よく誦じ、よく言うこと鸚鵡(おうむ)もよく為す。言って行ぜずんば、なんぞ猩猩(しょうじょう)に異ならん。

 弘法大師『秘蔵宝鑰巻中』 

 善いこと立派なことを言っておきながら、実際には行いが伴っていない得手勝手な人がいます。それならば言葉の意味がわからないオウムや猩猩となんら変わりはないでしょう。

 人は言葉で意思を伝えることができます。電話等の通信機を用いれば顔を合わさず話しをすることも可能です。しかし「顔が見えない」ということを巧みに利用して、甘い言葉で誘惑したり、弱みに付け込んだりする犯罪が後を絶ちません。

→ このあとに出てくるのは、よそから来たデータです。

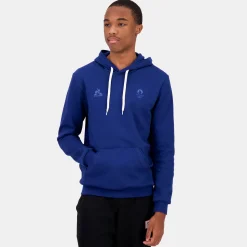 Cheap Le Coq Sportif Paris 2024 | Sweat à capuche Homme Bluedepths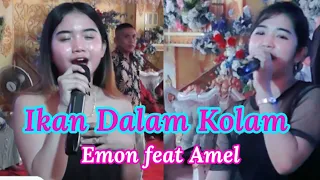 ikan dalam kolam emon x fdj 
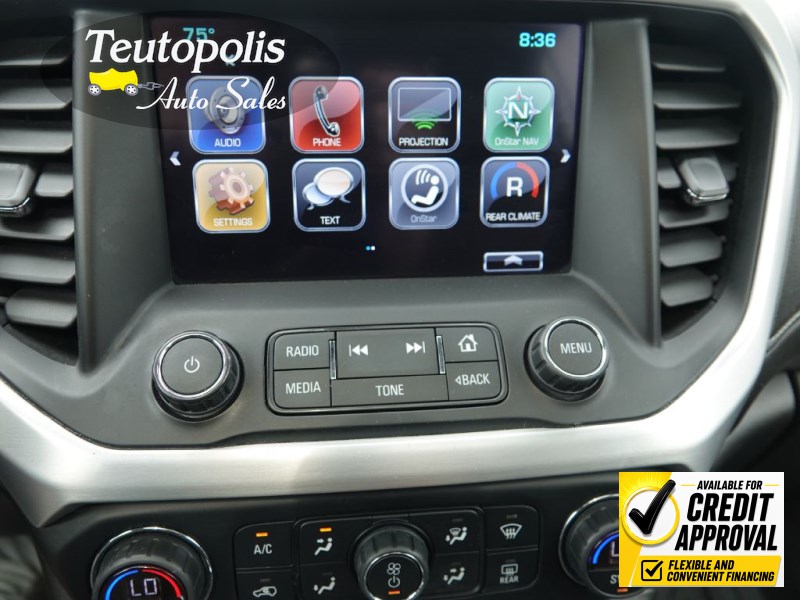 2019 GMC Acadia SLE-2 - Photo 22
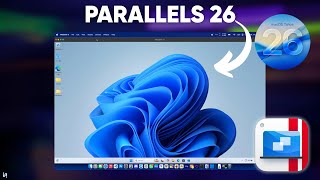 Parallels 26 on Mac Setup Fix and Guide in 2025 - Windows on MacOS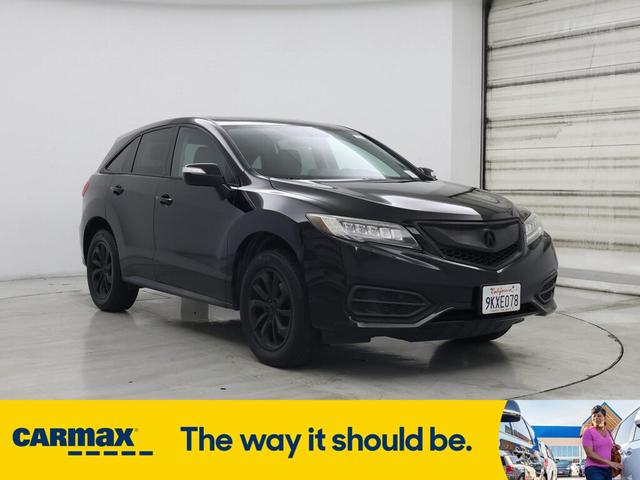 2016 Acura RDX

 また最近では、「作りたてを本日中にお召し上がり下さい」と謳いながら、余った商品を実は製造年月日や賞味期限を改竄して再利用するという残念な事件がありました。

 どれだけ綺麗ごとを並べても、そこに中身が伴っていなければ信用がなくなります。それほどまでに、人というのは行いでもって自らを表さなければなりません。

 常に自らの言動・行動を省みて、過ちがあればそれを正し、人として正しく生きていくことが、信用という無形の財産を蓄え育て上げることにつながる、ということを教えてくれます。

 信用とは仏性そのものなのです。(S・F)

※ 猩猩(しょうじょう)・・・中国で、想像上の怪獣。人に似て体は狗の如く、声は小児の如く、毛は長く朱紅色で、面貌人に類し、よく人語を解し、酒を好む。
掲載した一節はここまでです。